Implement contrastive learning with LoRA to fine-tune CLIP's vision encoder on LogoDet-3K dataset for improved logo embedding similarity. New training module (training/): - config.py: TrainingConfig dataclass with all hyperparameters - dataset.py: LogoContrastiveDataset with logo-level splits - model.py: LogoFineTunedCLIP wrapper with LoRA support - losses.py: InfoNCE, TripletLoss, SupConLoss implementations - trainer.py: Training loop with mixed precision and checkpointing - evaluation.py: EmbeddingEvaluator for validation metrics New scripts: - train_clip_logo.py: Main training entry point - export_model.py: Export to HuggingFace-compatible format Configurations: - configs/jetson_orin.yaml: Optimized for Jetson Orin AGX - configs/cloud_rtx4090.yaml: Optimized for 24GB cloud GPUs - configs/cloud_a100.yaml: Optimized for 80GB cloud GPUs Documentation: - CLIP_FINETUNING.md: Training guide and usage instructions - CLOUD_TRAINING.md: Cloud GPU recommendations and cost estimates Modified: - logo_detection_detr.py: Add fine-tuned model loading support - pyproject.toml: Add peft, pyyaml, torchvision dependencies
2026-01-04 13:45:25 -05:00
parent 1551360028
commit 44e8b6ae7d
16 changed files with 3334 additions and 12 deletions
--- a/training/trainer.py
+++ b/training/trainer.py
@ -0,0 +1,405 @@
+"""
+Training loop with checkpointing, mixed precision, and evaluation.
+"""
+
+import json
+import logging
+import time
+from pathlib import Path
+from typing import Dict, Optional, Tuple
+
+import torch
+import torch.nn as nn
+from torch.optim import AdamW
+from torch.optim.lr_scheduler import CosineAnnealingWarmRestarts, OneCycleLR
+from torch.utils.data import DataLoader
+from tqdm import tqdm
+
+from .config import TrainingConfig
+from .losses import get_loss_function
+from .evaluation import EmbeddingEvaluator
+
+# Check if amp is available
+try:
+    from torch.cuda.amp import autocast, GradScaler
+    AMP_AVAILABLE = True
+except ImportError:
+    AMP_AVAILABLE = False
+    autocast = None
+    GradScaler = None
+
+
+class Trainer:
+    """
+    Trainer for fine-tuning CLIP on logo recognition.
+
+    Features:
+    - Mixed precision training (FP16)
+    - Gradient accumulation
+    - Gradient checkpointing (via model)

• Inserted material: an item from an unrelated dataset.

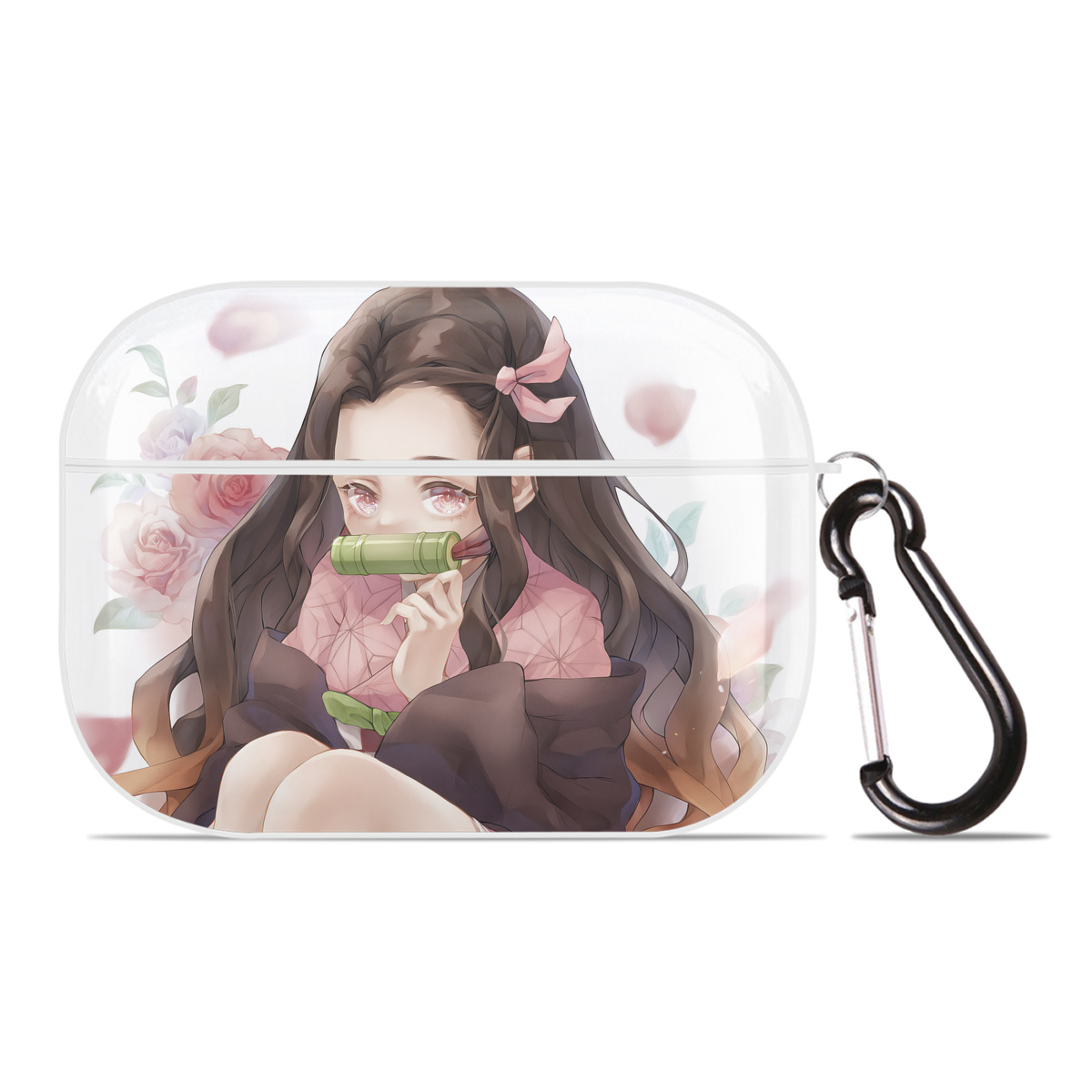 （画像用） 鬼滅の刃（きめつのやいば）竈門 禰󠄀豆子／かまど ねずこ Kamado Nezuko 【AirPods Pro用】ハードシェル保護ケース 耐衝撃・防指紋・カラビナ付き商品仕様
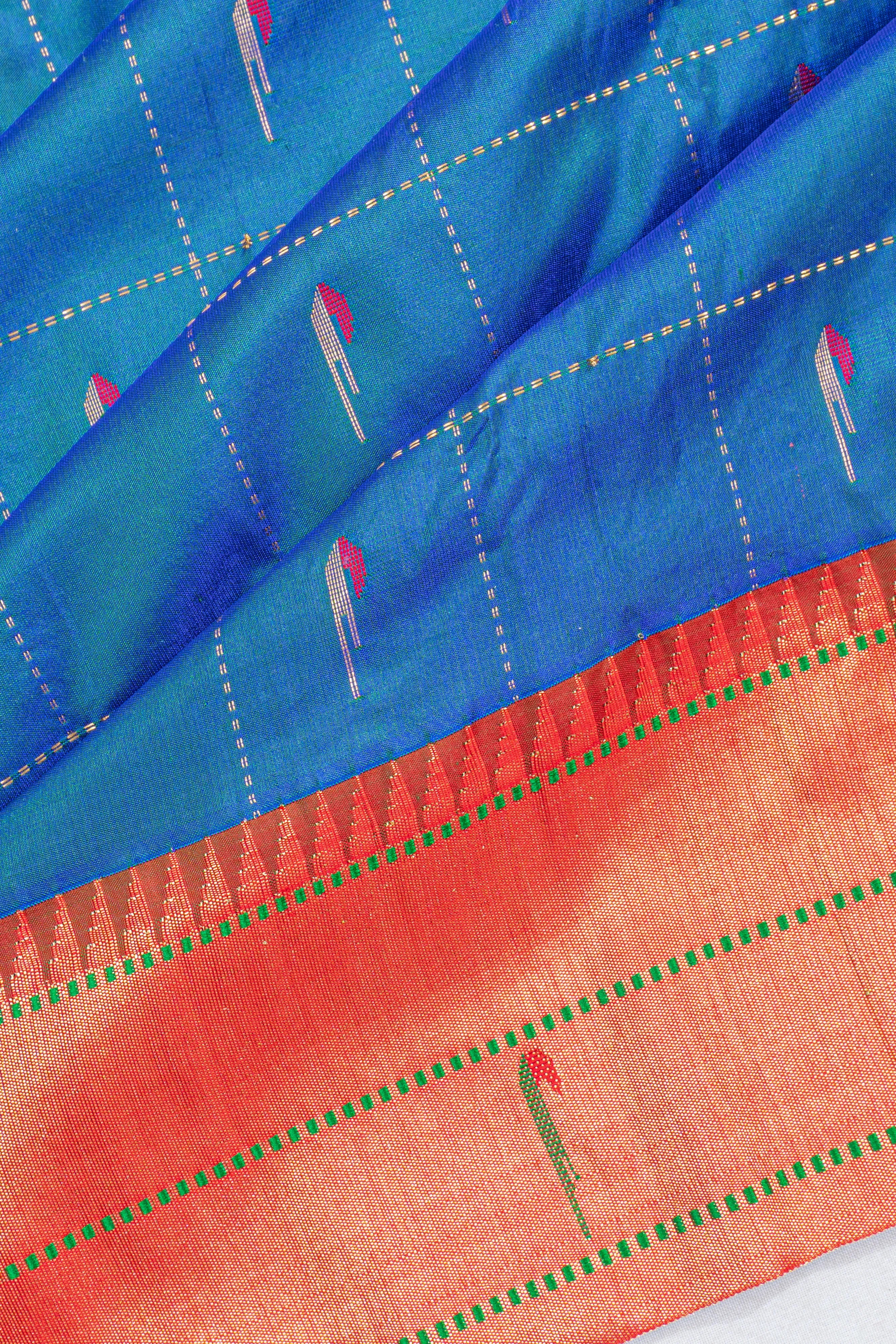 Muniya Silk Checks And Butta Blue Saree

+    - Cosine annealing LR scheduler
+    - Early stopping
+    - Checkpoint saving/loading
+    - Evaluation during training
+    """
+
+    def __init__(
+        self,
+        model: nn.Module,
+        train_loader: DataLoader,
+        val_loader: DataLoader,
+        config: TrainingConfig,
+        logger: Optional[logging.Logger] = None,
+    ):
+        """
+        Initialize the trainer.
+
+        Args:
+            model: LogoFineTunedCLIP model
+            train_loader: Training dataloader
+            val_loader: Validation dataloader
+            config: Training configuration
+            logger: Optional logger instance
+        """
+        self.model = model
+        self.train_loader = train_loader
+        self.val_loader = val_loader
+        self.config = config
+        self.logger = logger or logging.getLogger(__name__)
+
+        # Device setup
+        self.device = torch.device(
+            "cuda" if torch.cuda.is_available() else "cpu"
+        )
+        self.model.to(self.device)
+        self.logger.info(f"Using device: {self.device}")
+
+        # Optimizer - only trainable parameters
+        trainable_params = [p for p in model.parameters() if p.requires_grad]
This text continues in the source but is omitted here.